BEGIN Data segment

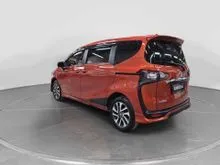 2016 Toyota Sienta 1.5 Q MPV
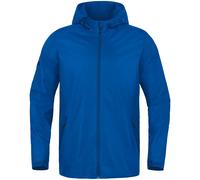 Veste imperméable Jako Allround Bleu 4XL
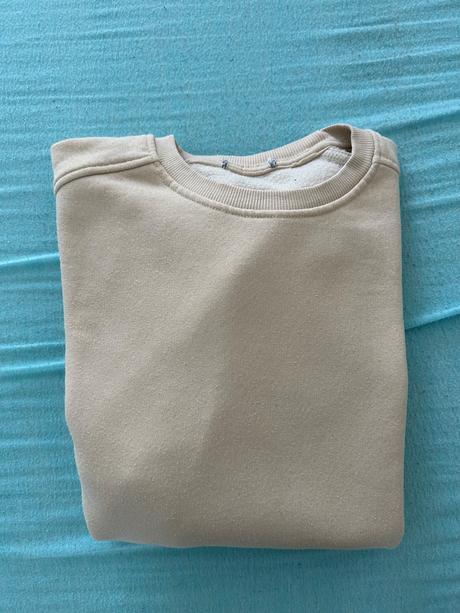 Bezova mikina, bonprix,s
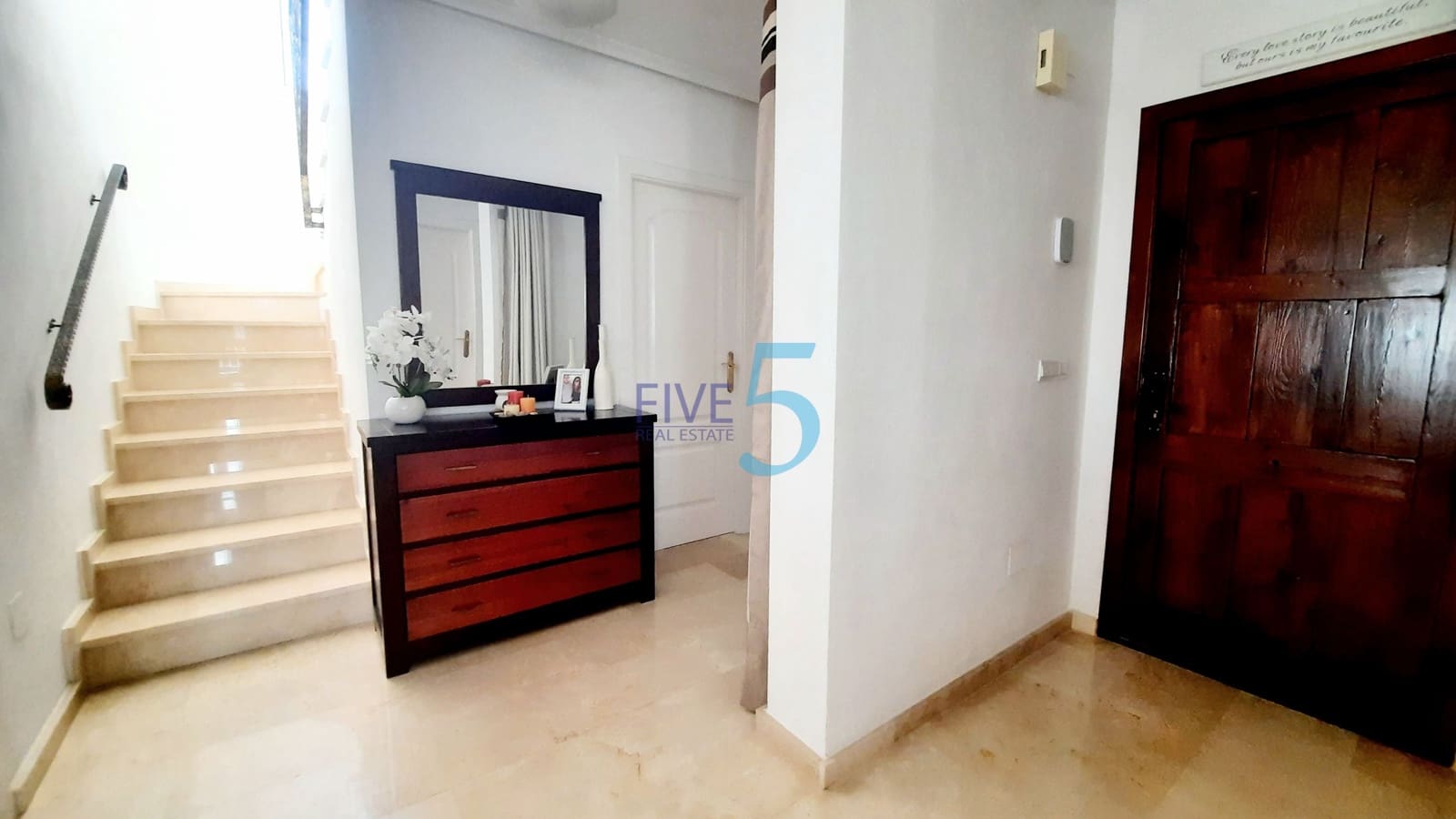 3 slaapkamer Villa te koop in Villamartin met zwembad garage - € 495.000 (Ref: 10027553)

END Data segment

**Brief:** Repeat the data exactly, excluding the pictures.

**Response area:**
 2016 Toyota Sienta 1.5 Q MPV
 Veste imperméable Jako Allround Bleu 4XL
 Bezova mikina, bonprix,s
 3 slaapkamer Villa te koop in Villamartin met zwembad garage - € 495.000 (Ref: 10027553)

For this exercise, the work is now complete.